Advanced Tabbouleh


 

Tomato Tabbouleh

The world has its share of tabbouleh recipes. The bulgur and parsley salad from the Lebanese hill country has made the rounds, finding homes in many cultures, with countless regional variations. And I can improve all of them, as if by magic wand, thanks to a trick I learned from a farmer in Montana. Thousands of years of culinary evolution is no match for a farmer with a blender, and the creativity to but it to use.

The tabbouleh innovation comes from the heart of tomato season, when the boxes are stacked high for market, and there is usually a pile of extra soft fruit that, by virtue of being absolutely perfectly unconditionally ripe, won’t be transportable to market the next day. Or they could be days-old tomatoes brought home unsold. Leave it to my crafty culinary farmer friends to find ways of turning mountains of near overripe product into the best dish you’ve ever tried. We are talking tomatoes that slice like water balloons, too juicy for salad. Or anything else except juice or soup. Or the best tabbouleh on Earth.

The trick is to use extra-ripe tomatoes to rehydrate the bulgur.  If you aren’t exactly sure what bulgur is, think wheat that has not been ground into flour. For many, this is not an easy concept to comprehend. After all, if you take away wheat flour you basically pull the rug out from under American cuisine. The bread, pizza, pasta, tortillas, cookies, pancakes, burger buns and breakfast cereals we fashion from flour make it into practically every meal, from the thick gravy on the biscuit to the breading on the fish and chips. While flour is everywhere, we rarely eat the seed itself. Anyone who’s tried will probably agree the options are limited. You can cook wheat the way you would rice, but it just doesn’t eat as well. It’s crunchy even when overcooked, and won’t stick together or hold sauce.

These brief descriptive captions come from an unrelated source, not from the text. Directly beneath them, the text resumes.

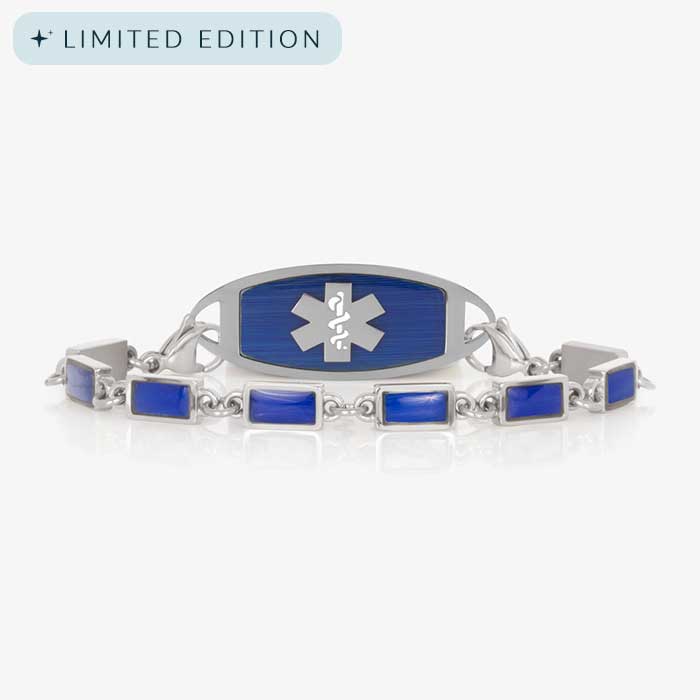 The Bree bracelet in silver with rectangular lapis blue links, paired with a matching silver medical ID tag featuring a brushed lapis blue insert and silver medical caduceus symbol.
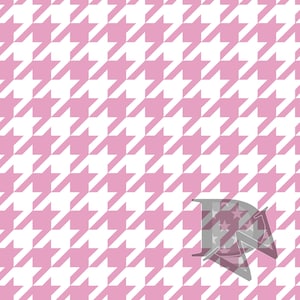 Pink and White Houndstooth Pattern Seamless File or Digital Paper JPG 12x12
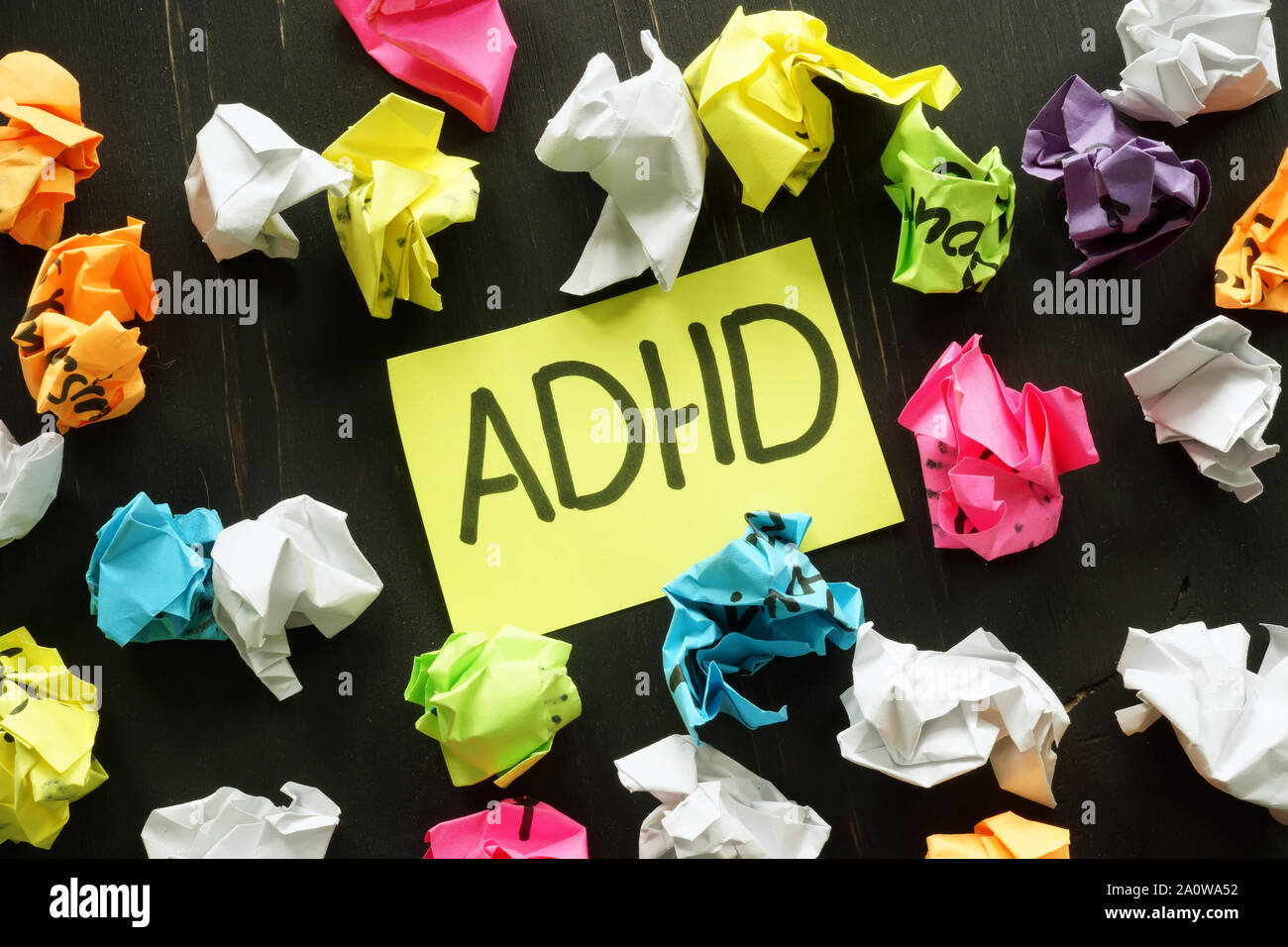 ADHD Attention deficit hyperactivity disorder sign and paper balls. Stock Photo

The problem with flour was that it was impossible to grind without precision equipment, and bulgur, or cracked wheat grains, is an old-world compromise. Smashing and crushing was more manageable to the average old world grain processor. Bulgur cooks quickly into a pleasingly soft state. It holds together, absorbs flavor, and even contributes an understated, earthy taste of its own.

Most tabbouleh recipes call for soaking bulgur in hot water, which is the standard way of rehydrating it. But once you learn the Montana trick, hot water method sounds much too dilute.

Instead, we soak the bulgur in a slurry of tomato, garlic, salt and lime juice.

That’s the tomato trick, but we’d be remiss to not address parsley, the other side of the tabbouleh equation. Cup for cup or pound for pound, there is more parsley in this dish than any other ingredient. It’s not often you find a parsley-based dish, so let’s give the curly, leafy herb its moment of glory. Most often it’s used as nothing more than a garnish, something green and sturdy to look good alongside the food you actually want to eat.

I suppose parsley stays so often on the sidelines because the flavor is so strong, and the texture is that of steel wool. But everyone has a match, an equal and opposite, even parsley. The other ingredients in tabbouleh bring balance, thanks to a mix of strong flavors like garlic, tomato and lime. Chunks of cucumber, meanwhile, bring quiet hydration to the mix, without added water. And the bulgur adds a strong, silent backbone, partly absorbing the parsley’s chlorophyll blast.

Tabbouleh has a lot going for it, and there are lots f reasons to love it. If you have a preferred recipe, try the tomato juice trick, and see how it turns out.  And if you’re new here, without a recipe of your own, I like to think that my Montana-style Tomato Tabbouleh, below, is a good place to start.

Tomato Marinated Tabbouleh

If you remember one thing about this recipe, hopefully it’s the tomato juice trick.

2 pounds extra-juicy tomatoes
1 teaspoon salt
2 cloves garlic, chopped
3 tablespoons fresh lime or lemon juice
1 cup bulgur
2 cups chopped cucumber
4 tight cups chopped parsley
¼ cup chopped mint leaves
1 cup of olive oil
Optional: feta cheese, olives, preserved lemon, other Mediterranean flavors

Trim the tomatoes of any core or rotten spots, and place them in the blender, along with the salt, minced garlic and lime juice. Blend into a slurry. Pour it into a gallon or larger bowl, and stir in the bulgur. When completely mixed, set aside on the counter, covered, for 2-3 hours.

Fluff and test the red bulgur. It will taste exceptional. Add the chopped cucumber, parsley, mint and oil, and stir until the tabbouleh totally mixed. Serve with a garnish that isn’t parsley.